§ **What to produce**: How many lines of these entries include the string "Current"? State the number alone.

§ **The data**:
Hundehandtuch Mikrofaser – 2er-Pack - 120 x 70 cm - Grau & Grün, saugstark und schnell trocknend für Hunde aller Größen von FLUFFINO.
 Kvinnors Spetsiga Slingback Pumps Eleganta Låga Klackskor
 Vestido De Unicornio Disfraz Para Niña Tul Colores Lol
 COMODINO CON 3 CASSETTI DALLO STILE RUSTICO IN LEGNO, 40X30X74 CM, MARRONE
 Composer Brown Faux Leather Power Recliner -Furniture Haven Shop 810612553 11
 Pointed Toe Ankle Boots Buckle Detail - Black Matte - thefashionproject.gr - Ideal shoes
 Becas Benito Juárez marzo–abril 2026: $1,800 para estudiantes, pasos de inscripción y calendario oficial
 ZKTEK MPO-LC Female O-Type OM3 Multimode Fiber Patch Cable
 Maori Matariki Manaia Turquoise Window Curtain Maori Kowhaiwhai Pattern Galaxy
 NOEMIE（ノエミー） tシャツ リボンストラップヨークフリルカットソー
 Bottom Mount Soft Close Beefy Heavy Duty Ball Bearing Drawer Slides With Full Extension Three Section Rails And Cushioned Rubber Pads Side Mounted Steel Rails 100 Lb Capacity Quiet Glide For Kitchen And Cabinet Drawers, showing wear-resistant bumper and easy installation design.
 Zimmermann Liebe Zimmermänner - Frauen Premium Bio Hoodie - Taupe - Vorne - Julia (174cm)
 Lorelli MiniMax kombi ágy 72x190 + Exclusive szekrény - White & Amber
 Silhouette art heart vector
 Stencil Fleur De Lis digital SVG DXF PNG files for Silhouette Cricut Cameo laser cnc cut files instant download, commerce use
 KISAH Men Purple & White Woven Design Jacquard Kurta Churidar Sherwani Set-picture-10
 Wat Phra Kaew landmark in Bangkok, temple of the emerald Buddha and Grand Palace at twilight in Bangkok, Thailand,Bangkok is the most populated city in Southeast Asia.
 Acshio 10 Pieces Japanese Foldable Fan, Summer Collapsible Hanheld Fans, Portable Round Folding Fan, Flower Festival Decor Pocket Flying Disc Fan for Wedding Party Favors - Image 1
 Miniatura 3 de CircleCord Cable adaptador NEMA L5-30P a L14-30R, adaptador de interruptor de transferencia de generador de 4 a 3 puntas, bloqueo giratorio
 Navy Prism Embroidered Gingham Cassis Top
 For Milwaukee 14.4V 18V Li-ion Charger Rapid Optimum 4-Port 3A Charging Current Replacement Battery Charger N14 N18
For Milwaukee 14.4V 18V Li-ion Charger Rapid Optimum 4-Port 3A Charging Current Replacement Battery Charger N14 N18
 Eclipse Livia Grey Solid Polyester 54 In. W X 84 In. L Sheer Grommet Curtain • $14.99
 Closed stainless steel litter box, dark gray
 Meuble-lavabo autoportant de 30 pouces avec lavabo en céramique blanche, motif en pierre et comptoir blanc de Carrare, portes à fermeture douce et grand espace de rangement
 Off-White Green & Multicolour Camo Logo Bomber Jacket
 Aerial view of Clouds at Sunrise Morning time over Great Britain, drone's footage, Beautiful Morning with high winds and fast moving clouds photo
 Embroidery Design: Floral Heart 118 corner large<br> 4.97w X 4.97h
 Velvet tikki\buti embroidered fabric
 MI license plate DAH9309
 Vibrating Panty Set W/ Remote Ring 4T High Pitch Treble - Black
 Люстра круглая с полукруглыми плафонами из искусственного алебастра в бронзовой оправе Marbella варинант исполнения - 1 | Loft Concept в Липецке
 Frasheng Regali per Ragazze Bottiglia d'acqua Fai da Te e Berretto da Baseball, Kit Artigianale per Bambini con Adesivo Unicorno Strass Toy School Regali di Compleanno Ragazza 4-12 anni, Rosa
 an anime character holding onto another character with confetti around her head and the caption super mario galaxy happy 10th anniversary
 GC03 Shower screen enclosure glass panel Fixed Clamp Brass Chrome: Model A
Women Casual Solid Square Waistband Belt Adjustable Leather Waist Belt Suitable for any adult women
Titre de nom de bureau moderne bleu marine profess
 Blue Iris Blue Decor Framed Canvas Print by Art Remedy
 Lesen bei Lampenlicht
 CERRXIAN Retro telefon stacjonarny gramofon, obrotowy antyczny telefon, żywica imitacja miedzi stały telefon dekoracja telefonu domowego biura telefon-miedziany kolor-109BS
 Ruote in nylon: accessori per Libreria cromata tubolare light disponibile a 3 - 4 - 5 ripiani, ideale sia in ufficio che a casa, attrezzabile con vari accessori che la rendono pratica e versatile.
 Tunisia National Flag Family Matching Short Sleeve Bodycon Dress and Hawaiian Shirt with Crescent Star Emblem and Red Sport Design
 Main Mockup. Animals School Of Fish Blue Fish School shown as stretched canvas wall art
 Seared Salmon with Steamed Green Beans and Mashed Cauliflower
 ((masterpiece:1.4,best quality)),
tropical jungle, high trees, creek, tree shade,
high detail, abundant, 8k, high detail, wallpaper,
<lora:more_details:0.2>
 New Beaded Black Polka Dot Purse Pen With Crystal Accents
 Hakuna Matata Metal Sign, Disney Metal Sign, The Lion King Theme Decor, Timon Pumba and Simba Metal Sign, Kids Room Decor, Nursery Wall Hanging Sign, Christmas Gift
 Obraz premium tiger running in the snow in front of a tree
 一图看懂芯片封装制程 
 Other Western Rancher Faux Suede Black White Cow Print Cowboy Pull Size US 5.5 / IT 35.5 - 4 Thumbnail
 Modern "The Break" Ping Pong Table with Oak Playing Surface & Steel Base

§ **Solution to this exercise**: 2